Unfortunately, we don’t have any QFP64 parts - most parts that use this package are microcontrollers/digital logic, which is pretty much the primary target of the chip shortage. We could get these parts but they were super super expensive, so we decided to put that money into having more students instaed of more chips. The process is super similar to the TSSOP though, except now on four sides of a chip instead of just two.

QFP24

Also unfortunately we had a mixup in the package between vendors - we used a footprint for a smaller variant of a QFP24 than we thought we ordered, so you’re more than welcome to try soldering the QFP, but it won’t fit. Here’s what our best efforts resulted in:

Sorry about this - we put most of our efforts into the bluetooth speaker though, so hang tight for those :)

Resources

Footnotes

  1. Produced by Giorgio Moroder strangely enough, who’s an absolute legend and also showed up on a few Daft Punk tracks. 

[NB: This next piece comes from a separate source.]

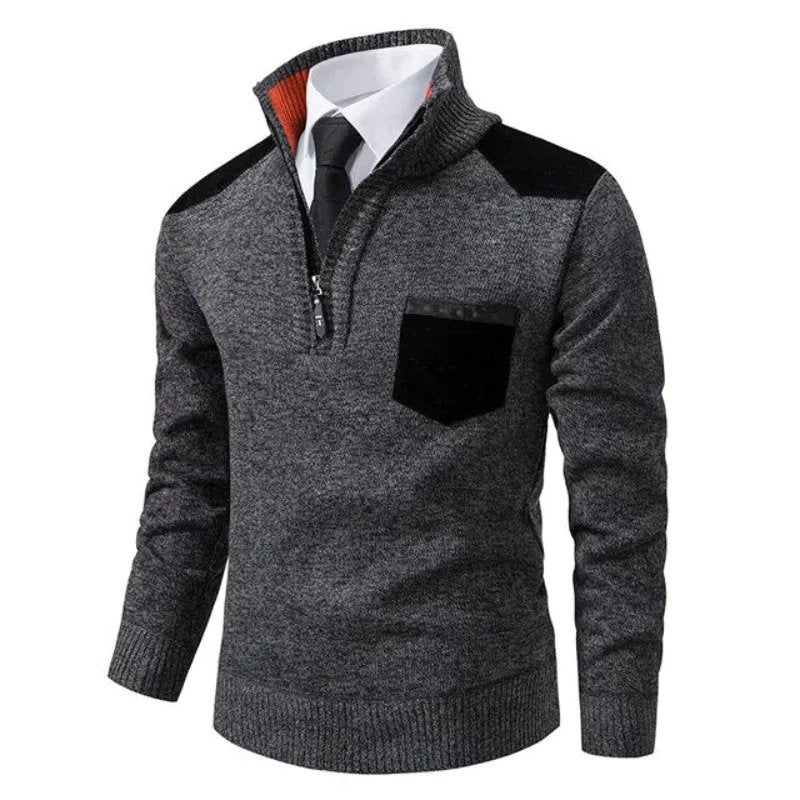 Gray knit quarter-zip sweater with black shoulder patches, worn by mannequin | Chaps London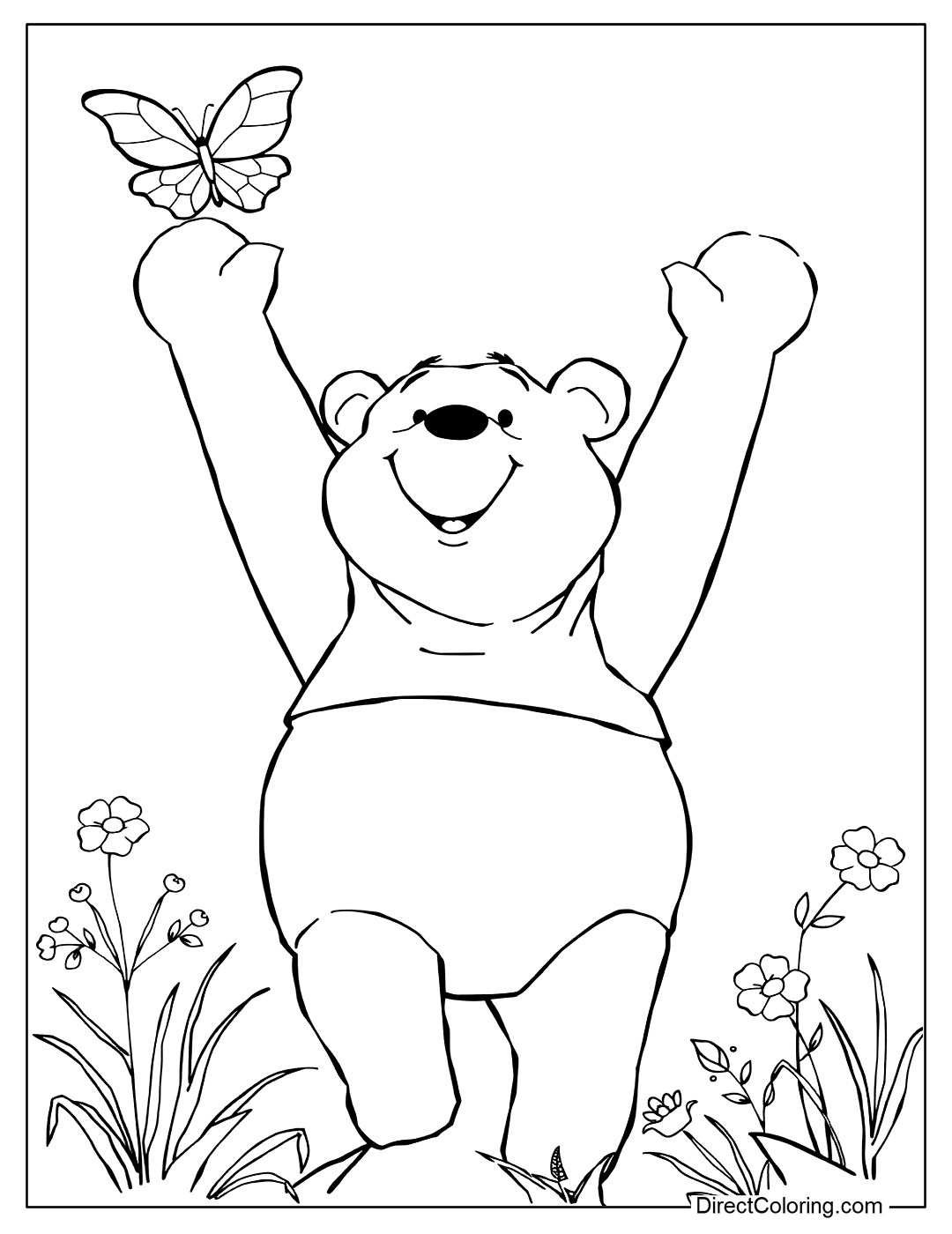 Winnie The Pooh Catching Butterfly Coloring for Kids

  2. The regulation that decrees this is called RoHS, and all consumer goods have to be RoHS-compliant in order to be sold. RoHS compliance applies to everything in the product, so not only does the solder have to be lead-free, all the parts and PCBs being soldered together have to be lead-free too. It’s pretty common to see RoHS compliance mentioned in datasheets - pretty much every part is RoHS compliant nowadays.